Another important impact of Dickens's episodic writing style was his exposure to the opinions of his readers. Since Dickens did not write the chapters very far ahead of their publication, he was allowed to witness the public reaction and alter the story depending on those public reactions. A fine example of this process can be seen in his weekly serial The Old Curiosity Shop, which is a chase story. In this novel, Little Nell and her Grandfather are fleeing the villain Quilp. The progress of
the novel follows the gradual success of that pursuit. As Dickens wrote and published the weekly instalments, his friend John Forster pointed out: "You know you're going to have to kill her, don't you." Why this end was necessary can be explained by a brief analysis of the difference between the structure of a comedy versus a tragedy. In a comedy, the action covers a sequence "You think they're going to lose, you think they're going to lose, they win." In tragedy, it's: "You think they're going to win, you think they're going to win, they lose". The dramatic conclusion of the story is implicit throughout the novel. So, as Dickens wrote the novel in the form of a tragedy, the sad outcome of the novel was a foregone conclusion. If he had not caused his heroine to lose, he would not have completed his dramatic structure. Dickens admitted that his friend Forster was right and, in the end, Little Nell died.
Social commentary
Dickens's novels were, among other things, works of social commentary. He was a fierce critic of the poverty and social stratification of Victorian society. Dickens's second novel, Oliver Twist (1839), shocked readers with its images of poverty and crime and was responsible for the clearing of the actual London slum that was the basis of the story's Jacob's Island. In addition, with the character of the tragic prostitute, Nancy, Dickens "humanised" such women for the reading public; women who were regarded as "unfortunates," inherently immoral casualties of the Victorian class/economic system. Bleak House and Little Dorrit elaborated expansive critiques of the Victorian institutional apparatus: the interminable lawsuits of the Court of Chancery that destroyed people's lives in Bleak House and a dual attack in Little Dorrit on inefficient, corrupt patent offices and unregulated market speculation.
Literary techniques
Dickens is often described as using 'idealised' characters and highly sentimental scenes to contrast with his caricatures and the ugly social truths he reveals.
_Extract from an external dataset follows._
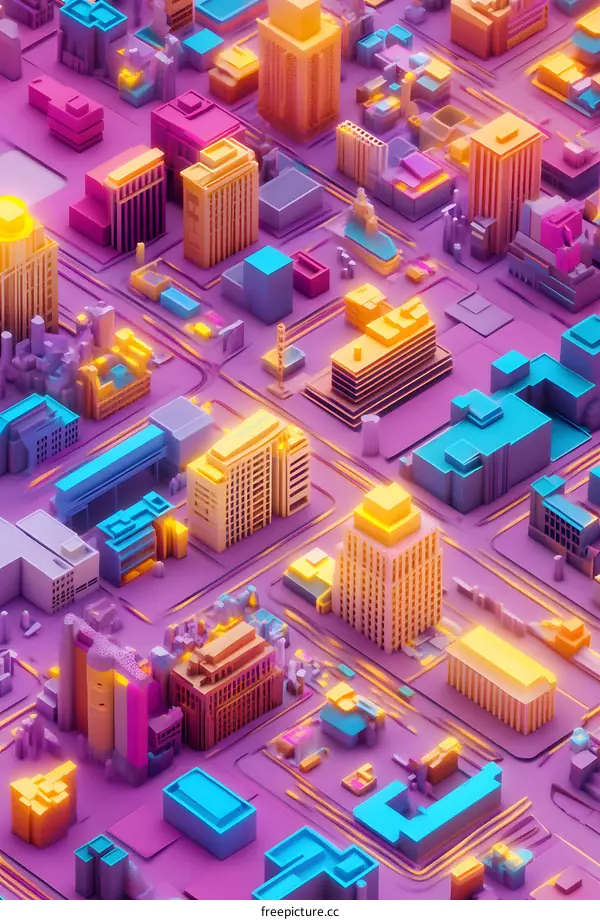 Abstract Cityscape Illustration with Colorful Buildings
The extended death scene of Little Nell in The Old Curiosity Shop (1841) was received as incredibly moving by contemporary readers but viewed as ludicrously sentimental by Oscar Wilde:"You would need to have a heart of stone," he declared in one of his famous witticisms, "not to laugh at the death of Little Nell." In 1903 Chesterton said, "It is not the death of Little Nell, but the life of Little Nell, that I object to."
In Oliver Twist Dickens provides readers with an idealised portrait of a young boy so inherently and unrealistically 'good' that his values are never subverted by either brutal orphanages or coerced involvement in a gang of young pickpockets (similar to Tiny Tim in A Christmas Carol). While later novels also centre on idealised characters (Esther Summerson in Bleak House and Amy Dorrit in Little Dorrit) this idealism serves only to highlight Dickens's goal of poignant social commentary. Many of his novels are concerned with social realism, focusing on mechanisms of social control that direct people's lives (for instance, factory networks in Hard Times and hypocritical exclusionary class codes in Our Mutual Friend).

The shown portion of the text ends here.